The edges are stored in an adjacency matrix

\begin{equation}
    A = (a_{i,j})_{i,j = 0, ..., n-1}
\end{equation}

\begin{equation}
\begin{aligned}
    a_{i,j} = \left\{ \begin{array}{c} 1 \mbox{, if } \{i,j\} \in E\\
                            0 \mbox{, if} \{i,j\} \notin E \end{array}\right.
                            .
\end{aligned}
\end{equation}

Recalling some operations on the graph as described in
\ref{ref:dynamics_graph}, \ref{ref:meas_graph} or Lemma \ref{lemma:M_a} one
sees that it is important to efficiently access and modify the neighbourhood of
a vertex.  To ensure good performance when accessing the neighbourhood while
keeping the memory requirements low a linked list-array hybrid is used to store
the adjacency matrix. For every vertex the neighbourhood is stored in a sorted
linked list (which is a sparse representation of a column vector) and these
adjacency lists are stored in a length $n$ array.

Using this storage method all operations including searching and toggling edges
are inherite their time complexity from the sorted linked list.

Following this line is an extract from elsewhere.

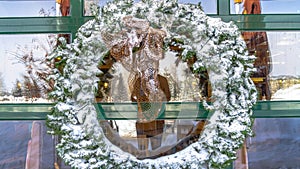 Panorama Snowy leafy wreath hanging on the glass wall of a building in Wasatch Mountains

\subsubsection{Operations on Graphical States}

Operations on Graphical States are divided into three classes: Local Clifford
operations, the CZ operation and measurements. The graphical states are
implemented in \lstinline{C} and are exported to python3 in the class
\lstinline{RawGraphState}. This class has three main methods to implement the
three classes of operations. 

\begin{description} 
    \item[\lstinline{RawGraphState.apply_C_L}]{This method
        implements local clifford gates. It takes the qbit index and the index
        of the local Clifford operator (ranging form $0$ to $23$).}
    \item[\lstinline{RawGraphState.apply_CZ}]{Applies the $CZ$ gate to the
            state. The first argument is the act-qbit, the second the control
            qbit (note that this is just for consistency to the $CX$ gate).}
    \item[\lstinline{RawGraphState.measure}]{Using this method one can
        measure a qbit. It takes the qbit index as first argument and
        a floating point (double precision) random number as second
        argument. This random number is used to decide the measurement outcome
        in non-deterministic measurements. This method returns either $1$ or $0$ as
        a measurement result.}
\end{description}

Because this way of modifying the state is rather unconvenient and might lead to many
errors the \lstinline{RawGraphState} is wrapped by the pure python class
\lstinline{pyqcs.graph.state.GraphState}. It allows the use of circuits as described
in \ref{ref:pyqcs_circuits} and provides the method \lstinline{GraphState.to_naive_state}
to convert the graphical state to a dense vector state.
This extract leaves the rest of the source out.